Contact us at support@example.com or sales@shop.com 
 ['support@example.com', 'sales@shop.com']


In [9]:
# Extract only hashtags
text = "Loving #AI and #Python for #DataScience!"
hashtags = re.findall(r"#\w+", text)
print(text, '\n', hashtags)   # ['#AI', '#Python', '#DataScience']

Loving #AI and #Python for #DataScience! 
 ['#AI', '#Python', '#DataScience']


In [10]:
# Remove HTML Tags
text = "<p>Hello <b>World</b></p>"
cleaned = re.sub(r"<.*?>", "", text)
print(text, '\n', cleaned)   # "Hello World"
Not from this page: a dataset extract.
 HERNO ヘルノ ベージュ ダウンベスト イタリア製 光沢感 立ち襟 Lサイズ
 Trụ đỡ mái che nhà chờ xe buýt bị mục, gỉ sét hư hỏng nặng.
<p>Hello <b>World</b></p> 
 Hello World


In [11]:
# Normalize whitespace (newlines, tabs → space)
text = "Hello\nWorld\tPython"
cleaned = re.sub(r"\s+", " ", text)
print(text, '\n', cleaned)   # "Hello World Python"

Hello
World	Python 
 Hello World Python


##  Regex + Pandas (cleaning columns)

In [13]:
import pandas as pd

df = pd.DataFrame({"text": [
    "Hello!!!",
    "Python   is GREAT???",
    "<p>Data Science</p>",
]})

df

Unnamed: 0,text
0,Hello!!!
1,Python is GREAT???
2,<p>Data Science</p>


In [14]:
df["clean_text"] = df["text"].str.lower()\
                              .str.replace(r"<.*?>", "", regex=True)\
                              .str.replace(r"[^\w\s]", "", regex=True)\
                              .str.replace(r"\s+", " ", regex=True)
df

Unnamed: 0,text,clean_text
0,Hello!!!,hello
1,Python is GREAT???,python is great
2,<p>Data Science</p>,data science


# Benefits
- With regex, you can flexibly extract, replace, or normalize text patterns.
- It’s especially useful in NLP, web scraping, and log cleaning.